Its innovative microkernel design guarantees the strictest isolation for the highest safety and security requirements. But it also supports native POSIX and Linux APIs to target multi-core heterogeneous systems-on-chip, enabling frictionless reuse of Linux code from legacy and/or prototype solutions without time consuming rewrites.
Virtualisation and containerisation are also natively supported. But they are designed as integrated into the strict M8 partitioning logic so that containers enjoy full isolation exactly as virtual machines. This unique design guarantees a uniquely flexible approach to the freedom from interference required for ASIL D, SIL 4, or DAL A certifications.

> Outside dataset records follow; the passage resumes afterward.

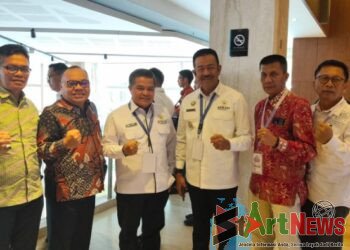 Bupati Madina Tekankan Kesiapan Swasembada Pangan di Rakernas Apkasi 2026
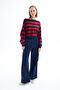 Red-Navy Blue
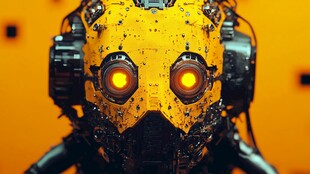 黑客科幻外星人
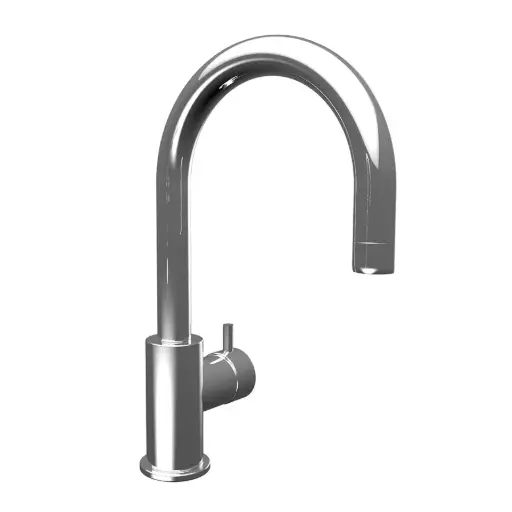 [TH001M0101] LogicMonocomando p/ lavatorio bajo c/ flex y sopapa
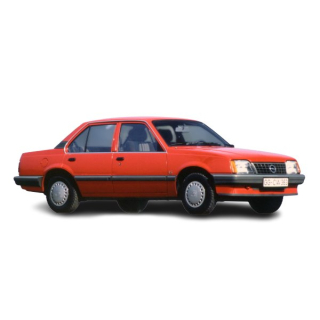 Covorase Auto Opel Ascona C (1981-1988)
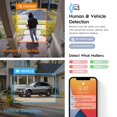 thumbnail image 3 of Cámara de seguridad Amcrest IP5M-W1150EW-AI 5MP Outdoor, 3 of 8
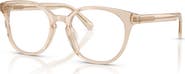 COACH 52mm Round optical glasses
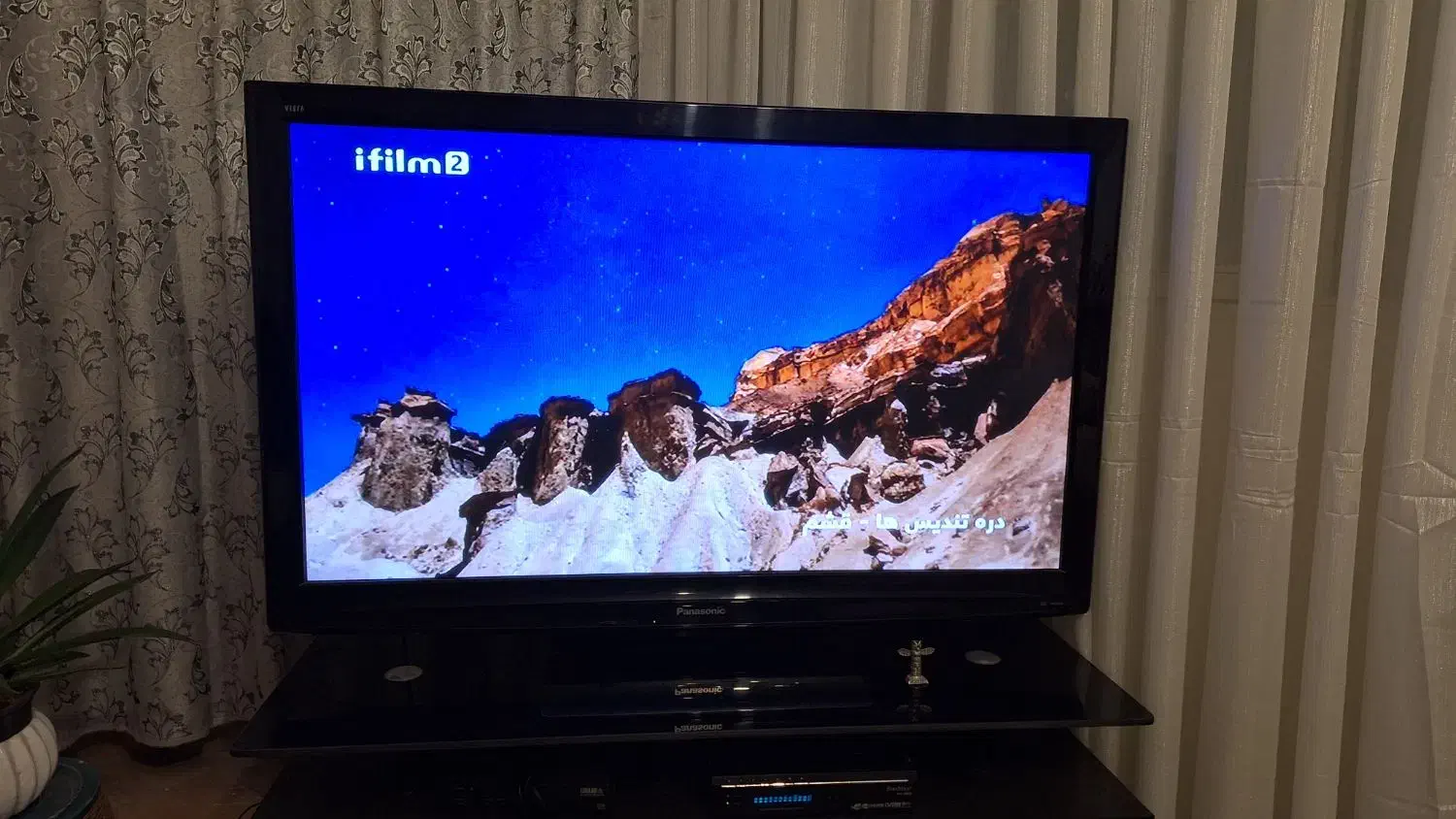 تلویزیون ۵۰ اینچ پلاسما پاناسونیک|تلویزیون و پروژکتور|کرج, گلشهر|دیوار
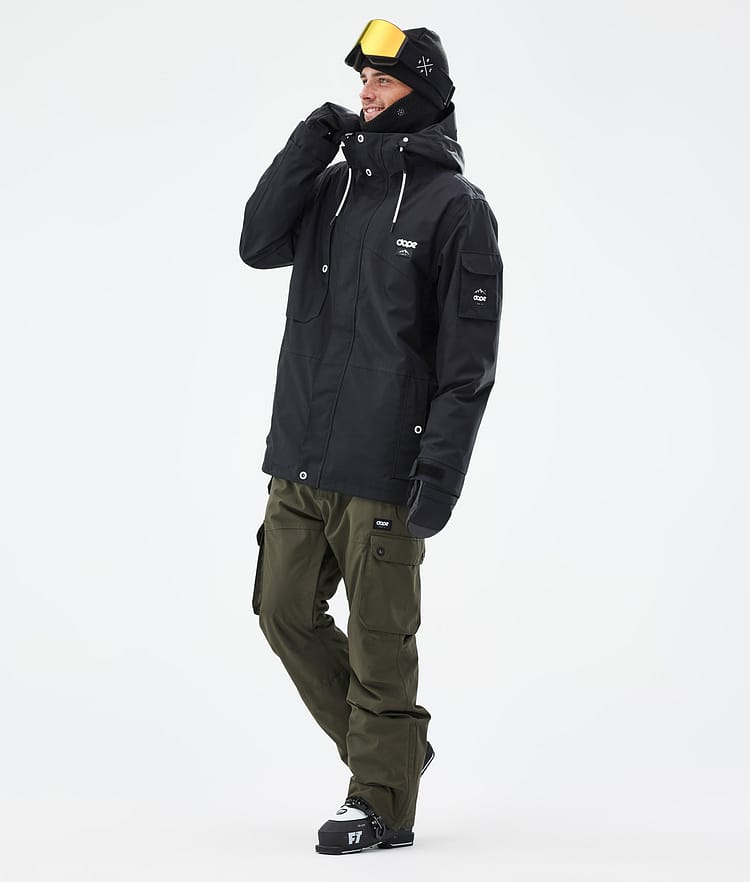 Dope Iconic Ski Pants Men Blackout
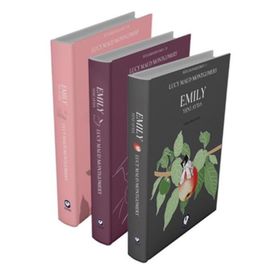 Lucy Maud Montgomery 3 Kitap Takım Rüzgarın Kızı Emily Serisi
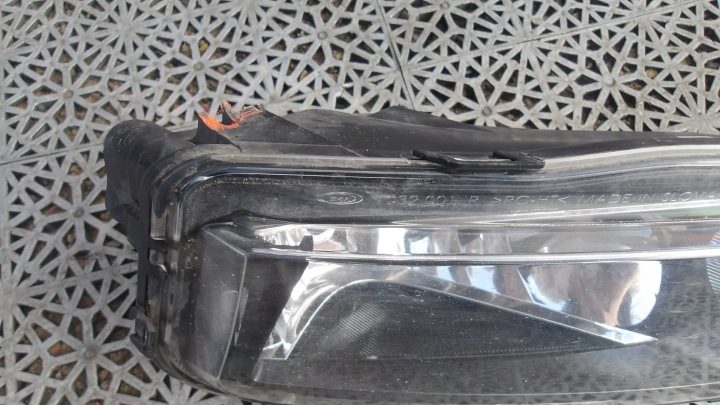 ПРОТИВОТУМАННАЯ ФАРА ПРАВАЯ ПЕРЕДНЯЯ VW CADDY III РЕСТАЙЛИНГ 2K, фото 2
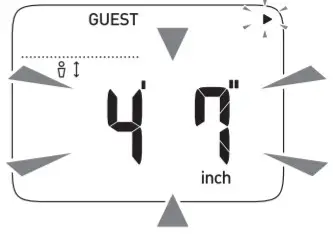 OMRON BCM 500 Body Composition Monitor and Scale with Bluetooth - figure 30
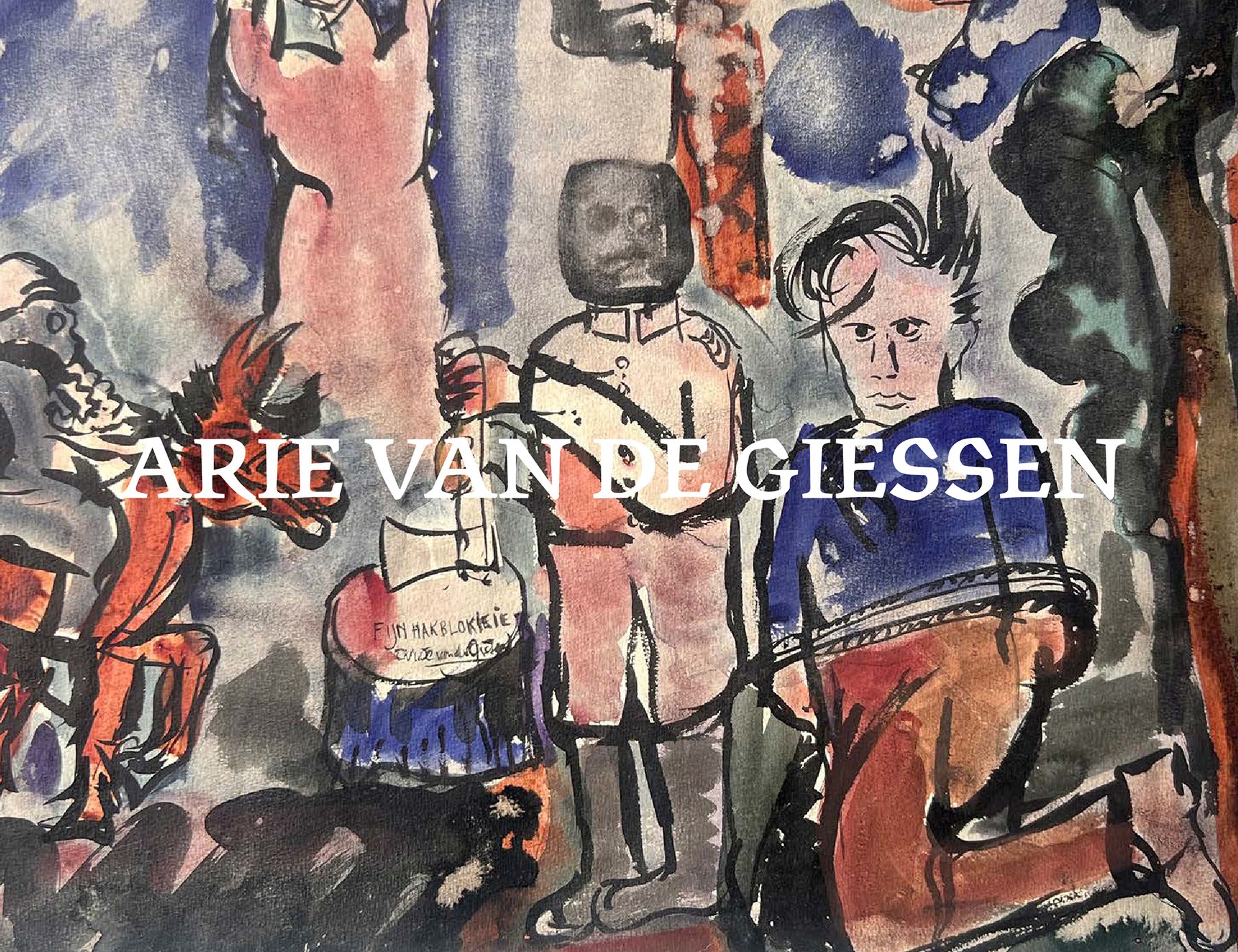 Arie Van de Giessen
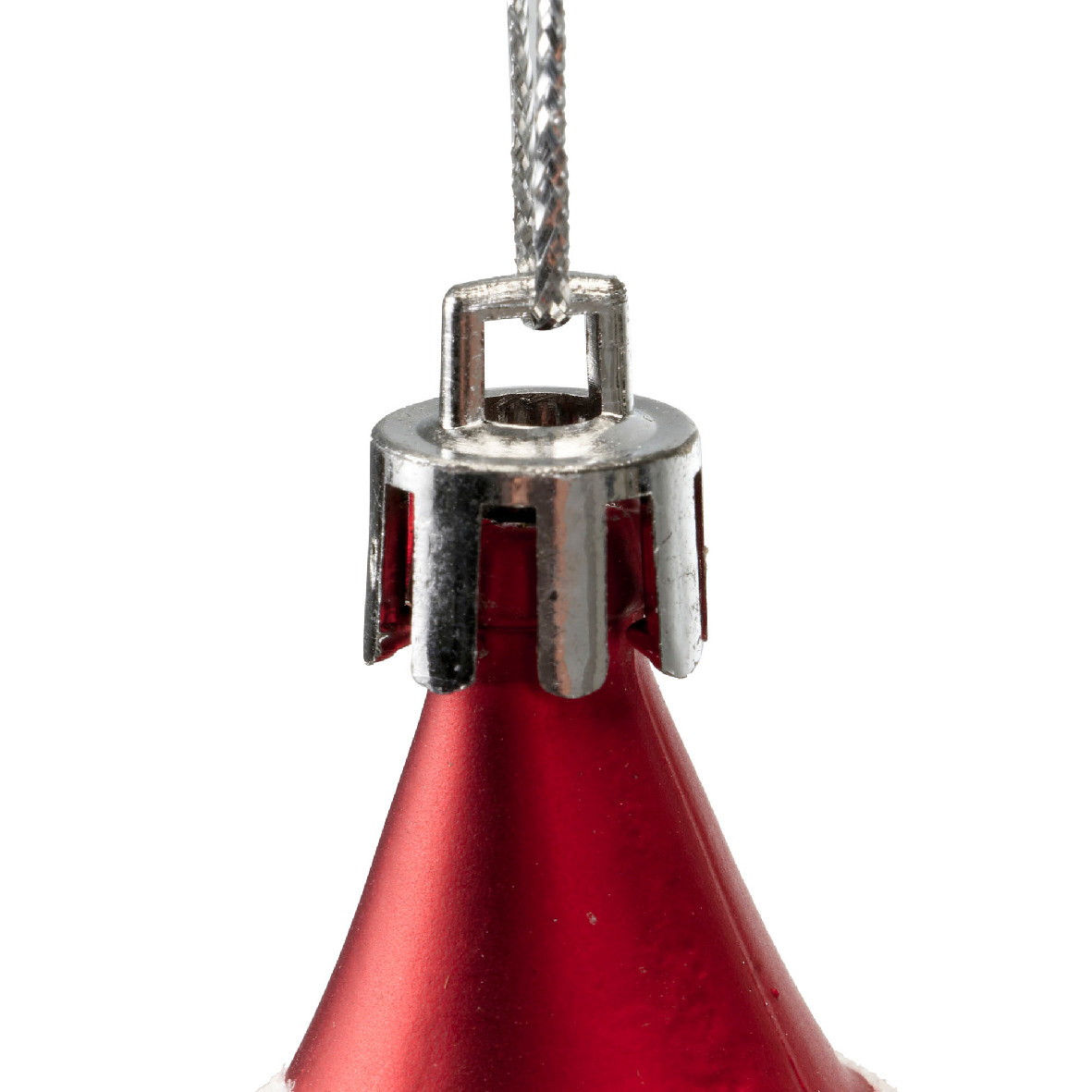 PEND.BABBO NATALE H.8.5 ASS.2 ROSSO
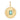 14k Solid Gold & Diamond & Emerald Fluted Medallion,  (14K-DP-150)
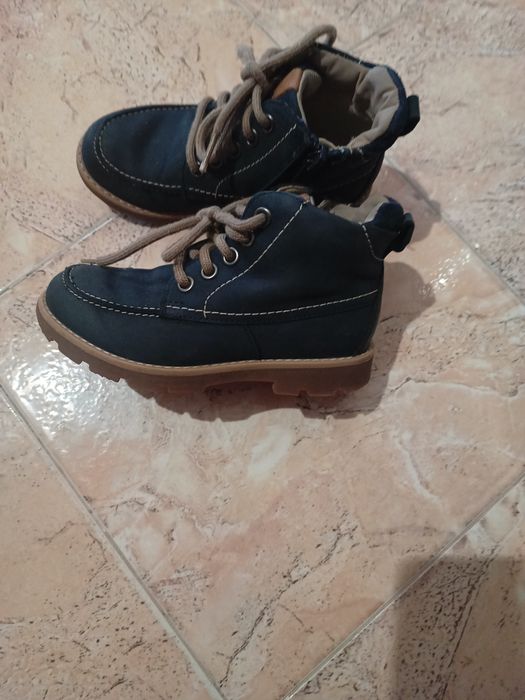 Детски боти ест кожа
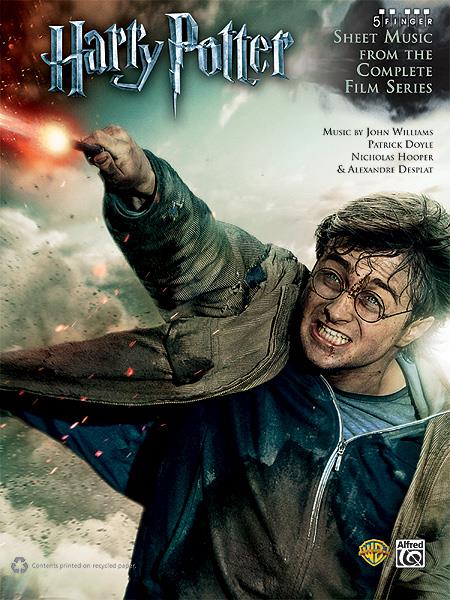 Harry Potter: Music from the Complete Film Series - 5-Finger Piano - noty pro klavír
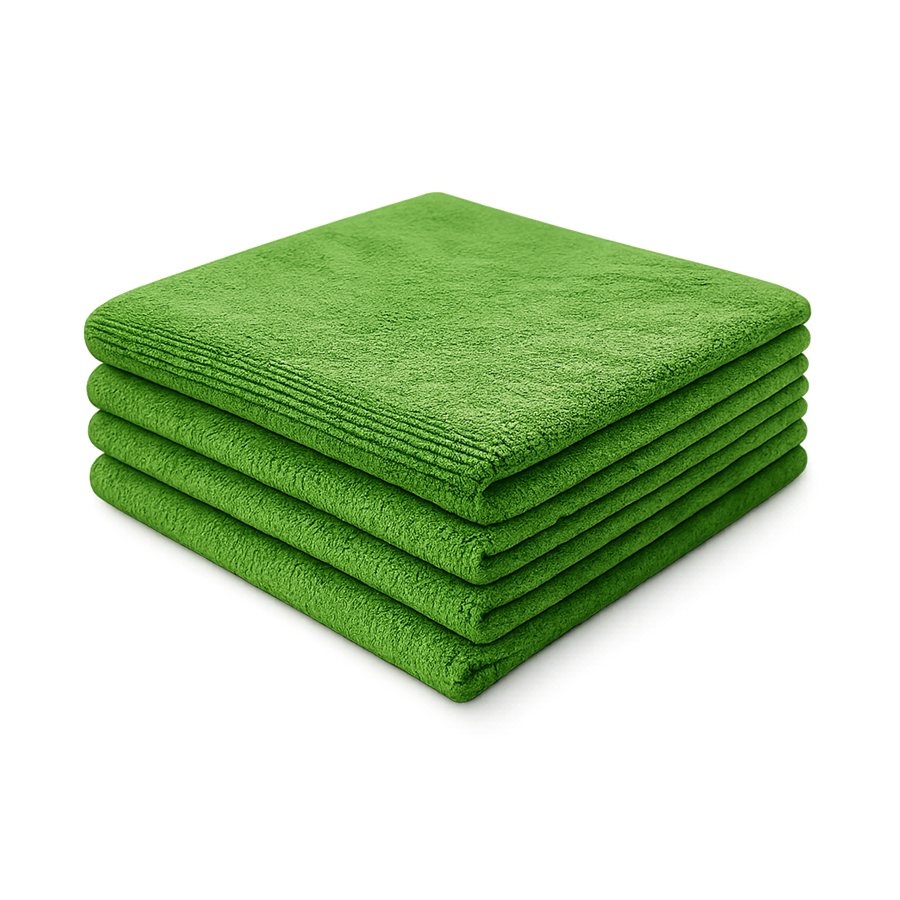 MICROFIBER DUSTER GREEN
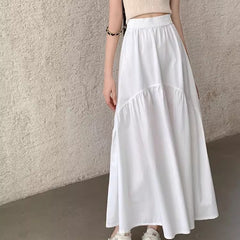 Marjolaine long skirt full length view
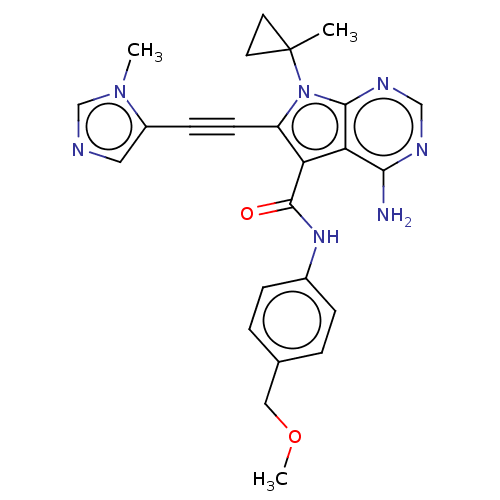 Chemical structure of BindingDB Monomer ID 311641
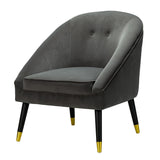 Amane Modren Barrel Chair by HULALA HOME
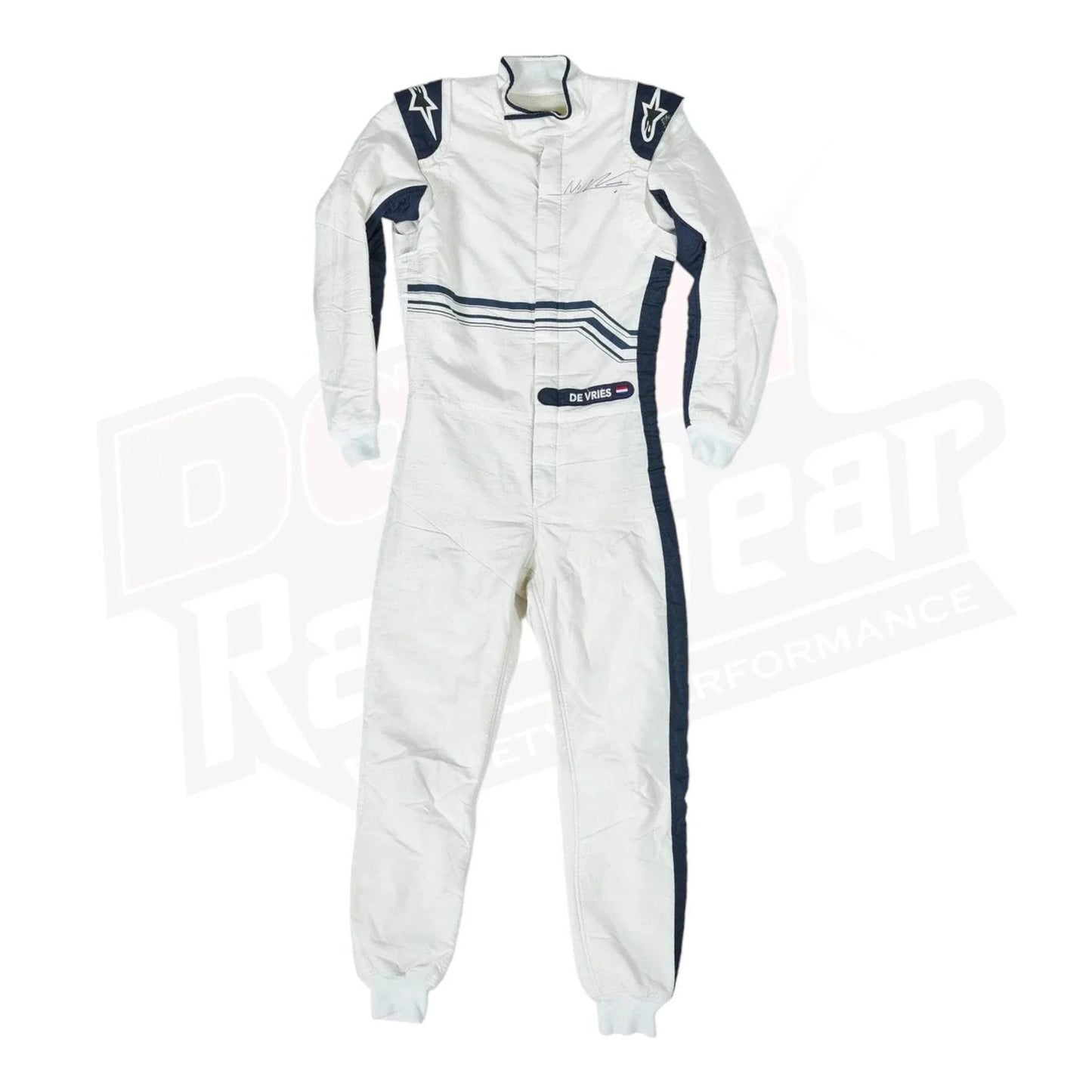 2022 Nyck de Vries Scuderia AlphaTauri Formula One Race Suit - Dash Racegear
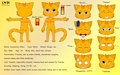 My reference sheet.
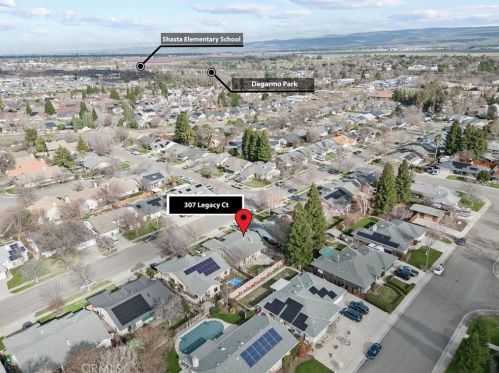 307 Legacy Ln, Chico CA  95973-5828 exterior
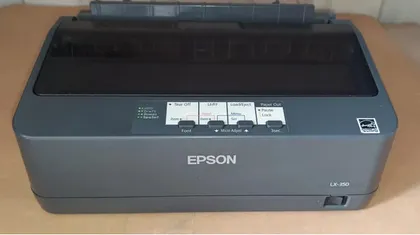 фото, Принтер матричний Epson LX-350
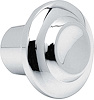 CX1025 1955-59 Chevrolet/GMC Truck; Radio Knob; Heater Knob; Chrome - image 1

The result is a new safe and secure operating system. M8 is a platform offering 10× higher computational efficiency and up to 50% lower integration costs. With fully European IP sovereignty, modular architecture, and native virtualisation, M8 enables the fastest consolidation of multiple ECUs onto a single SoC—resource efficient, energy optimised, and built for long-term sustainability.
Exhibitor: Ambiq Micro
Hall/Booth: 4-581
Ambiq HeliaAOT is an ahead of time compiler solution that enables modern AI models to run efficiently on highly resource constrained edge devices. While traditional AI runtimes introduce unnecessary overhead, high memory demands, and unpredictable memory usage, HeliaAOT converts trained models—such as TensorFlow Lite—into highly optimized, standalone C inference modules already at build time.
By eliminating a generic runtime, removing unused operators, and providing automatic, deterministic memory planning, HeliaAOT produces extremely compact, transparent, and energy efficient deployments. Hardware optimized transformations such as layer fusion, tensor reordering, and graph based optimizations significantly reduce code size and memory footprint while still enabling powerful, real time inference performance.
Developed specifically for Ambiq’s ultra low power SoCs with SPOT® technology, HeliaAOT delivers up to 10× smaller binaries, predictable execution, and industry leading efficiency—ideal for wearables, hearables, sensors, and other always on devices. With reduced energy consumption, smaller memory requirements, and extended device lifecycles, HeliaAOT also contributes to sustainable, resource efficient edge AI systems.